Babak Salamat's Research Blog: October 2007

One of the difficulties with multi-variant execution is file operation.
When variants try to open a file we can open the file in the platform and send the results to the variants. This solution fails if the variants try to mmap the file. They use a file descriptor that is sent to them by the platform and is not really open in their contexts. Therefore the mmap returns error. This situation happens frequently when variants map shared libraries.
Another solution is to open all files for all variants, but preventing them from writing to the files. We allow only one of the variants (or the platform) to write to a file. This solves the problem of the previous method and helps keep valid file descriptors in variants, but the locking mechanisms of the kernel don't allow us to open one file for writing in a few processes simultaneously.
An alternative solution is to open files that are opened as read-only in all variants and open the other files only in the platform. Obviously, this solution still has the problem of the first solution. Files that are not opened for all variants can not be mmapped, but it is not as severe as the former problem, because in most cases the files that are mmapped are opened as read-only and, therefore, are opened by all variants.
The only complication is that the files that are opened by the platform and those opened by the variants can have the same file descriptor. For example, a request to open file "a.txt" for reading and writing is received by the platform.
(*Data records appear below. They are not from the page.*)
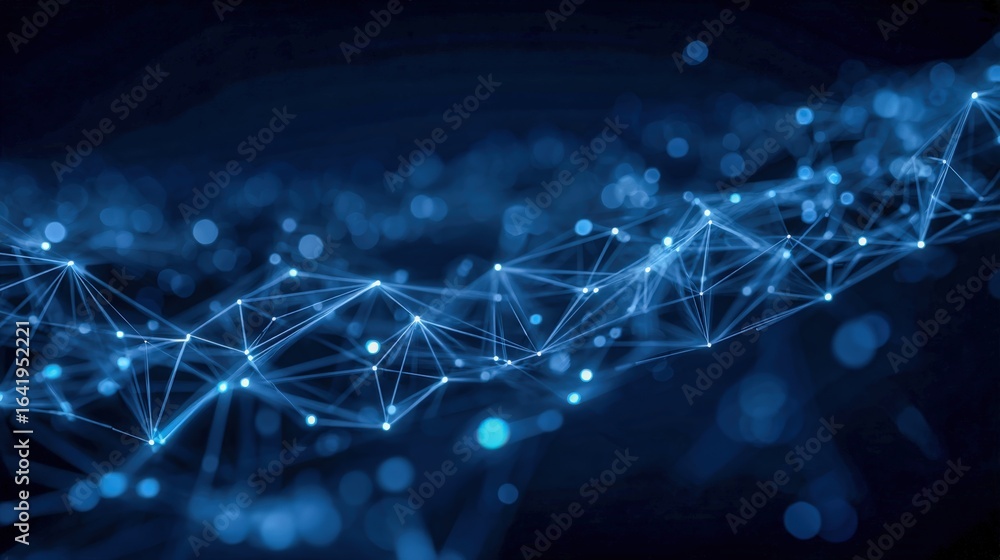 Poster abstract network connection structure with glowing nodes and lines on dark background, representing 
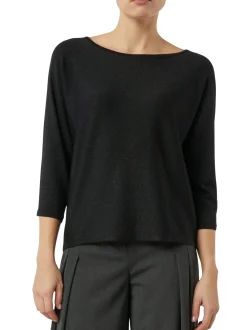 comma Damen Strickpullover in schwarz - Ärmel: 3/4 Arm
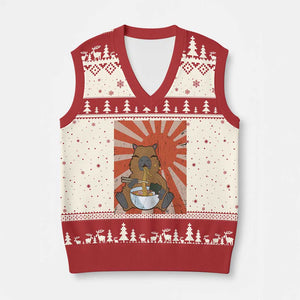 Kawaii Capybara Ramen V-Neck Knit Sweater Vest Cute Capy Meme Japanese Noodles Lover TS02 Beige Red Print Your Wear
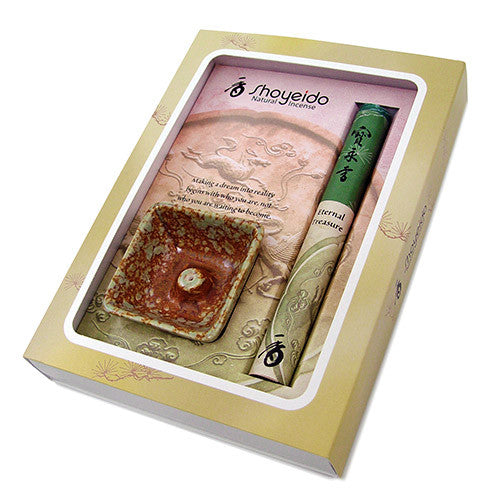 One 40-stick bundle of Eternal Treasure, 5.25"
One mini tray-shaped Incense Holder, 2 1/4" x 2 1/4"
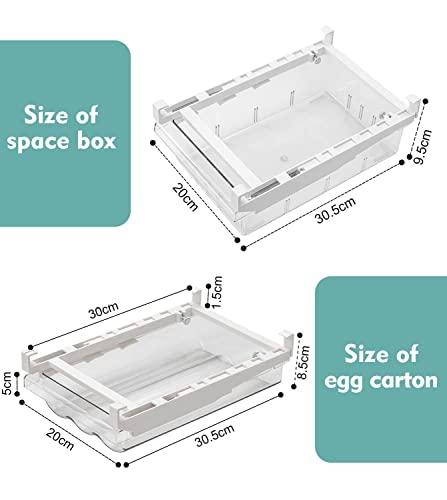 TERRIFI Refrigerator Organizer Bins, Pull-out Fridge Drawer Organizer Bins, Kitchen Refrigerator Storage Pantry Organizer for Fruit and Vegetable, Fridge Organization fit for Fridge Shelf Under 0.6"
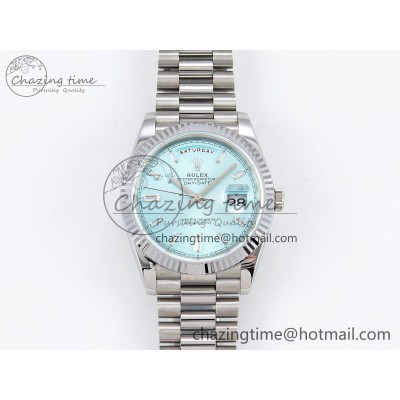 [GM공장]롤렉스 데이데이트 40 Ice Blue Crystal Dial on President Bracelet VR2836 V3(텅스텐)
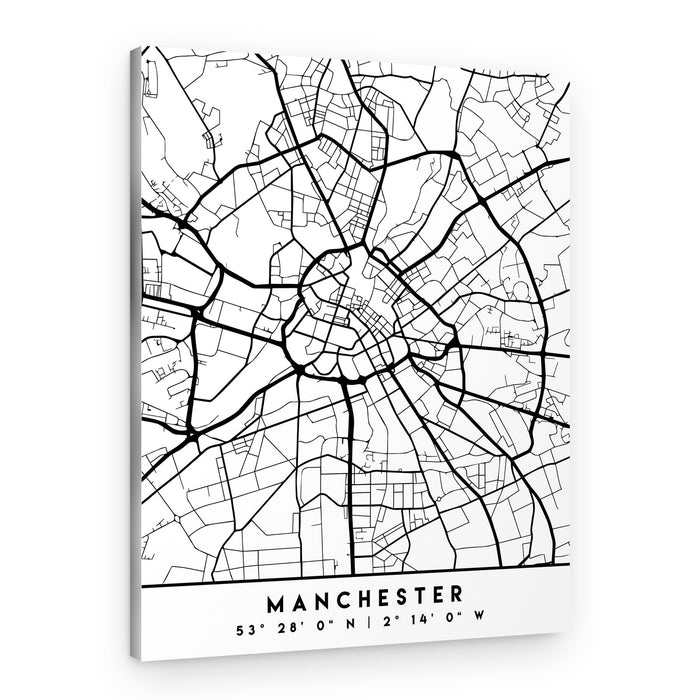 Manchester City Map – Canvas Print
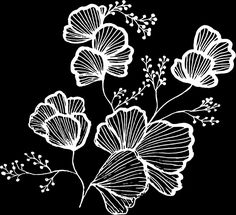 three white flowers on a black background with stems and leaves in the center, vintage line drawing or engraving style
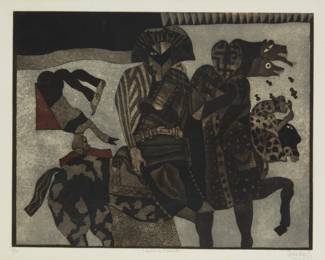 66
Javier Arévalo
1937-2020, Mexican
"Caballo de hacienda"
Etching and aquatint in colors on wove paper
Edition: P/A (and artist's proof [prueba de artista] aside from the edition of 38)
Signed, titled, dated, and inscribed "P/A" in pencil in the lower margin: Arévalo / Mexico / 87
Plate: 18.75" H x 23.75" W; Sight: 20.625" H x 26.5" W
Estimate: $300 - $500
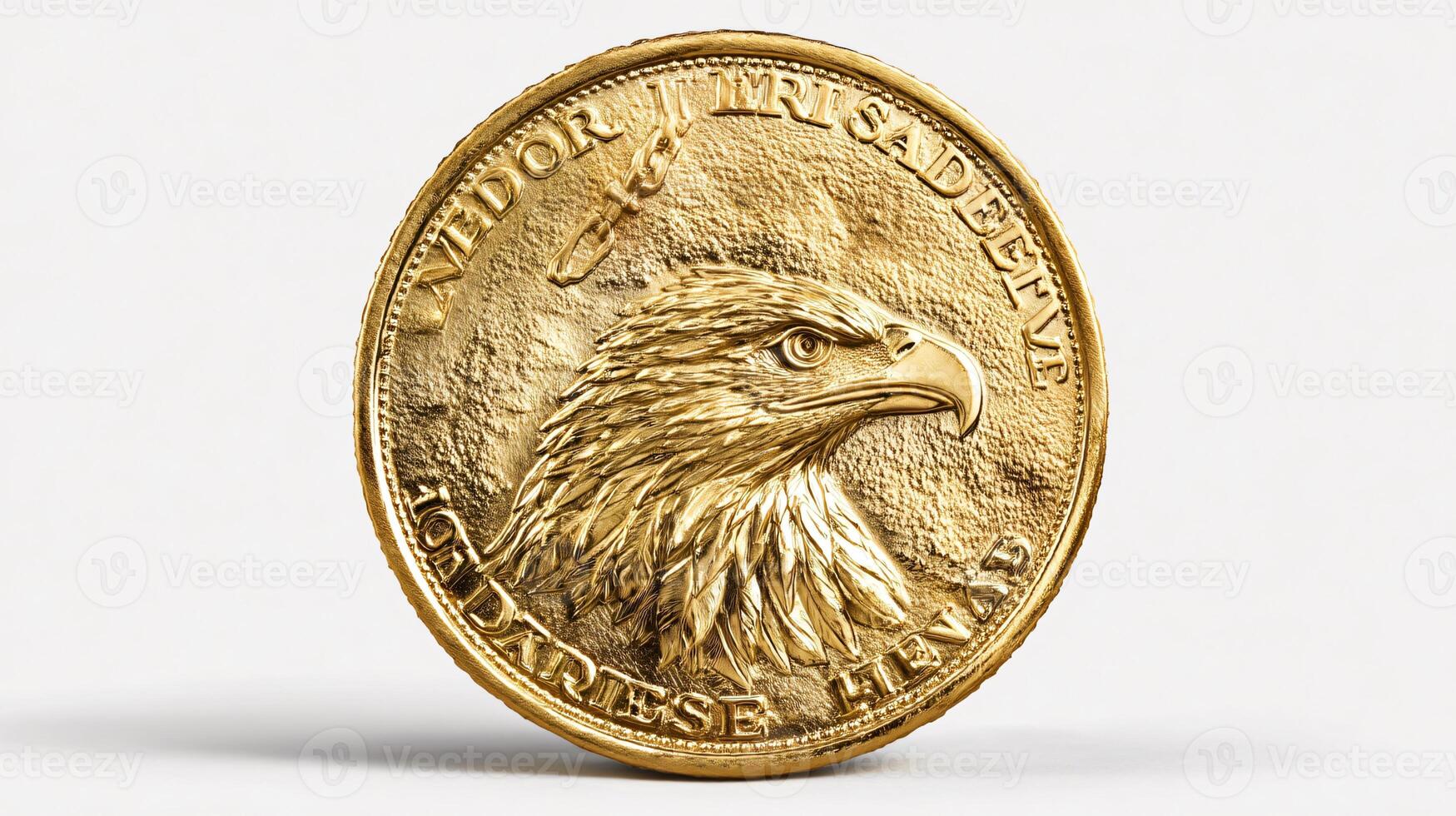 Shiny Gold Dollar Coin Isolated on White Background - High Quality Image for Financial Concepts photo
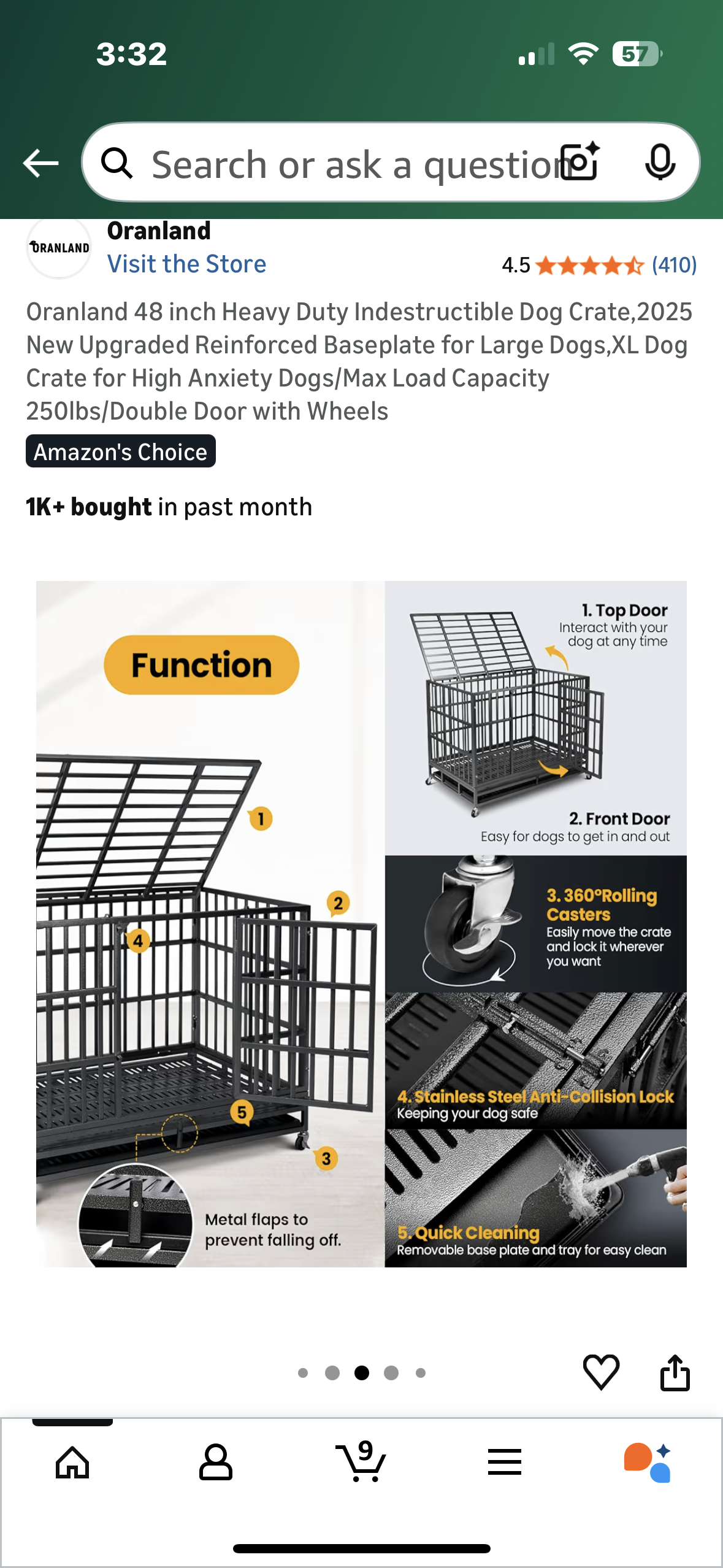 Oranland 48 inch Heavy Duty Indestructible Dog Crate,Reinforced for Large Dogs, XL Dog Crate for High Anxiety Dogs/Max Load Capacity 250lbs/Double Door with Wheels (R729)
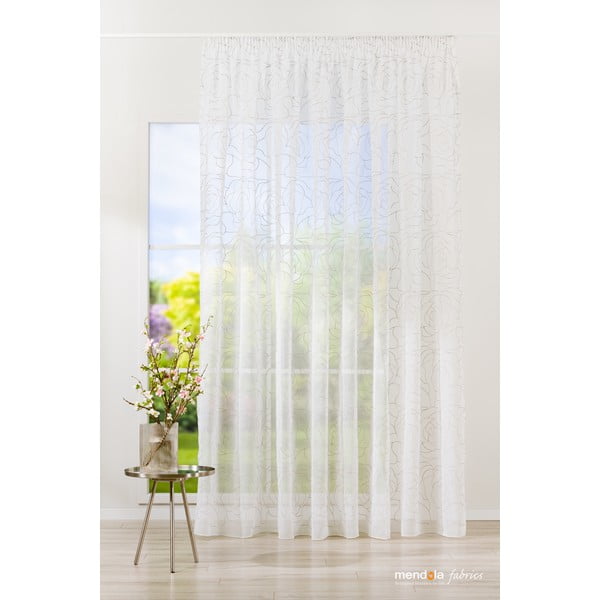 Bílo-šedá záclona 140x245 cm Amanda – Mendola Fabrics-image-1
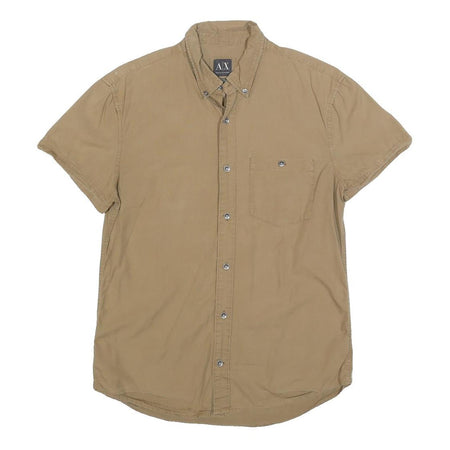ARMANI EXCHANGE Mens Beige Casual Cotton Shirt M Button Short Sleeve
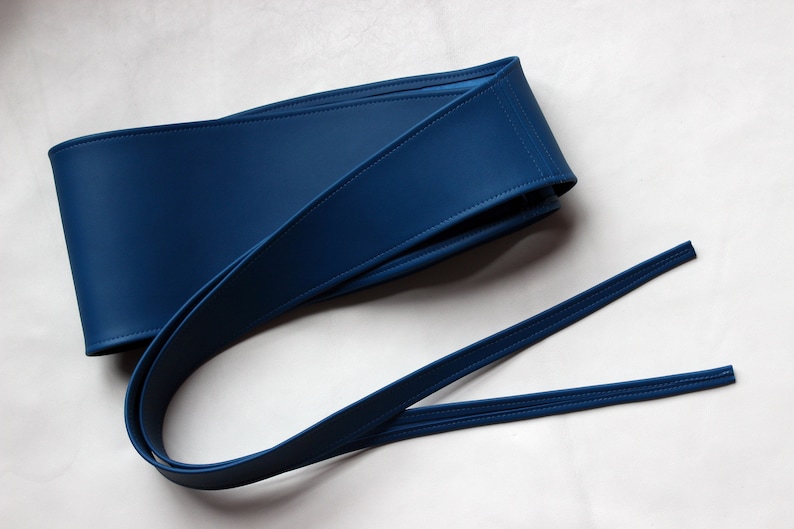 Leather Obi Belt Blue Wrap Belt Wedding Wide Women's Belt Etsy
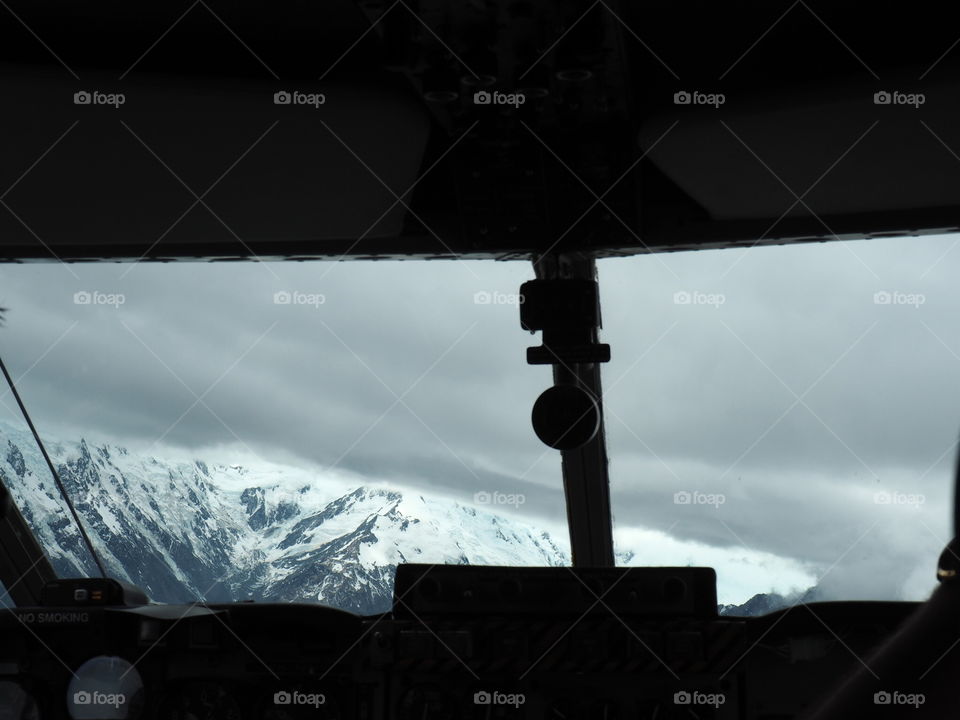 Mountains from a cockpit 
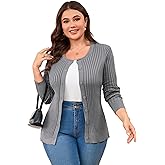 Women's Plus Size Sweater Cardigan Round Neck Long Sleeve Single Breasted Casual Jacket Winter Knit Outwear
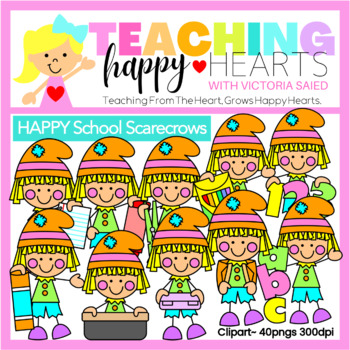 Preview of Happy School Scarecrows Clipart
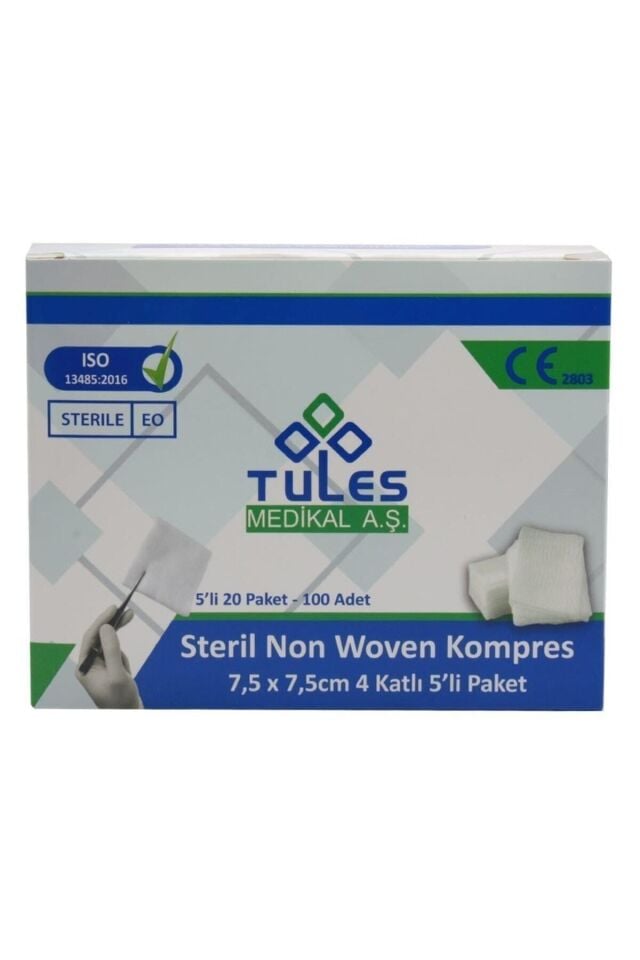 Tules 5 Li Steril Non Woven Kompres Spanç 7,5 X 7,5cm 500 Adet
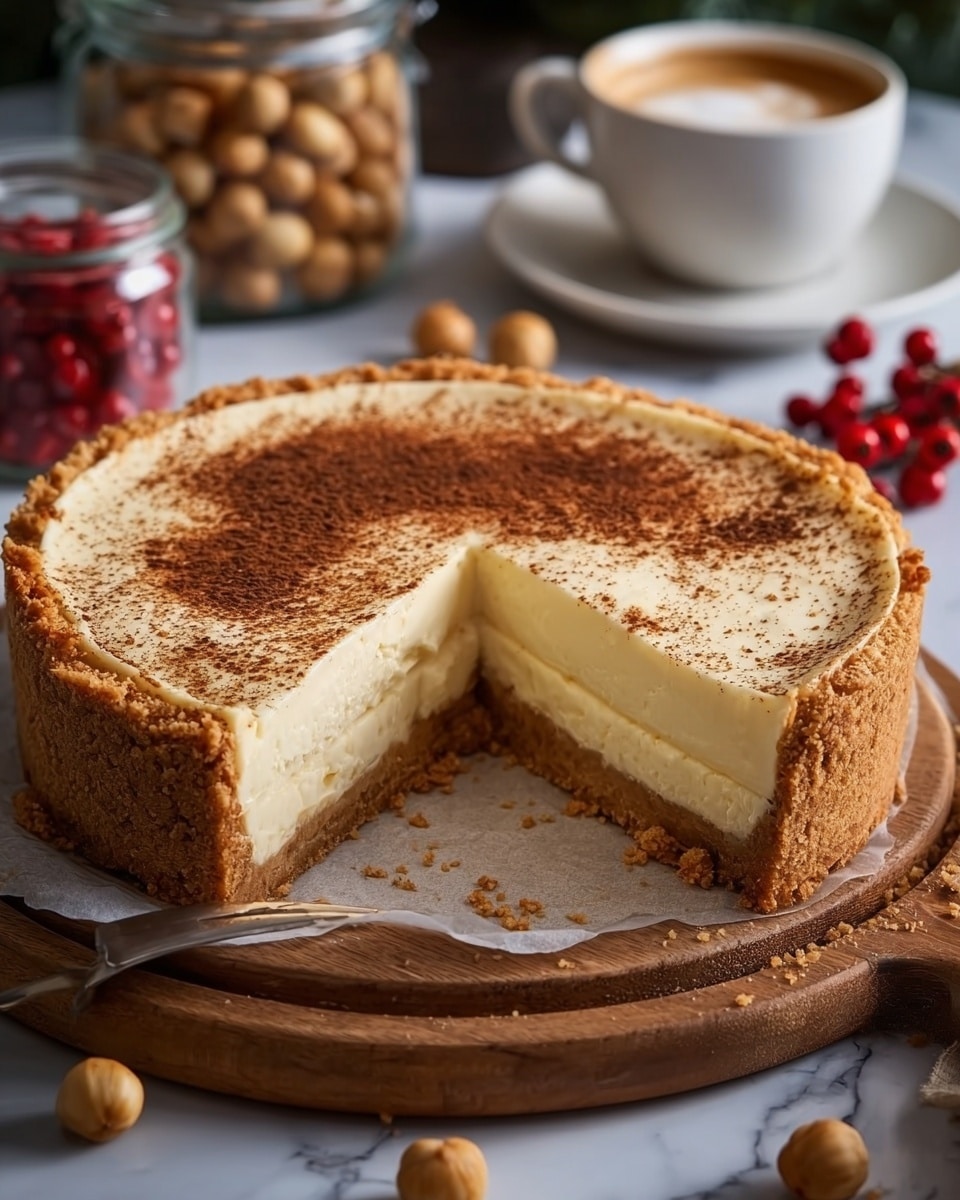 A slice of creamy pie is shown on a white plate with swirled edges, sitting on a white marbled surface with cinnamon sticks nearby. The pie has three layers: a dark brown crumbly crust at the bottom, a thick pale yellow smooth custard layer in the middle, and a swirl of white whipped cream topped with a sprinkle of brown spice on top. In the background, there is a white cup filled with a brown beverage and a glass of milk, with blurred warm yellow lights and green pine branches giving a cozy feel. Photo taken with an iphone --ar 4:5 --v 7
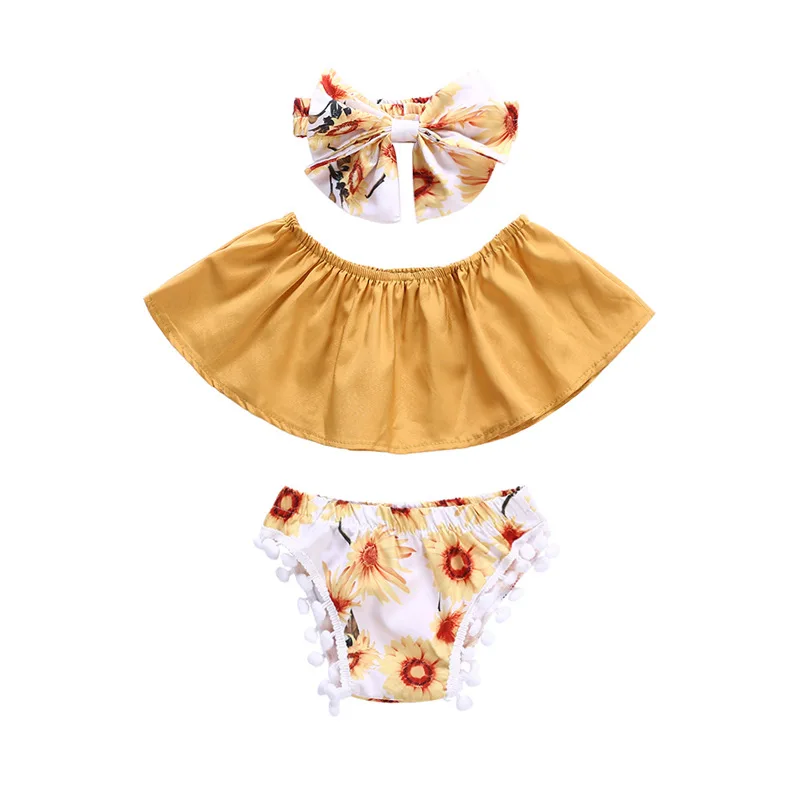 Oklady/комплект одежды для маленьких девочек из 3 предметов, топы с открытыми плечами для младенцев, шорты и повязка на голову с кисточками, комплект одежды для новорожденных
The platform doesn't allow the variants to open the file and opens it itself. Let's assume it is assigned file descriptor #5. This file descriptor is sent to the variants and they use it when they request further operations on the file.
Now variants want to open "b.txt" as read-only. The platform let them run the syscall and open the file. This time they get the file descriptor directly from the kernel that can be 5 again! Now if they invoke "read" to read file descriptor #5, it will not be clear whether they want to read "a.txt" or "b.txt". To solve this problem, the platform adds a big number to all file descriptors that are opened by itself before sending them to the variants. In Linux 2.6, maximum number of files that can be opened by a process is 256 and therefore, the largest file descriptor is 256. If we add 256 to all file descriptors opened by the platform before sending them to the variants, we can distinguish between the files opened by the variants and those opened by the platform. Now all file operations requests sent by the variants that have a file descriptor larger than 256 should be performed on the files opened by the platform and those that have smaller file descriptors should be performed on the files opened directly by the variants.

The content of a traced process's memory can be read using ptrace, but ptrace only read 4-bytes (more precisely, a long int) at a time. So, if you want to read a big chunk of memory you should call ptrace multiple times. However, ptrace is executed in kernel space, which means that every time you call it, a context switch is made. Context switches are expensive operations which can take thousands of cpu cycles to complete. Therefore, in order to lower the overhead of our technique, it is necessary to find a better way for reading from the memory of a traced process.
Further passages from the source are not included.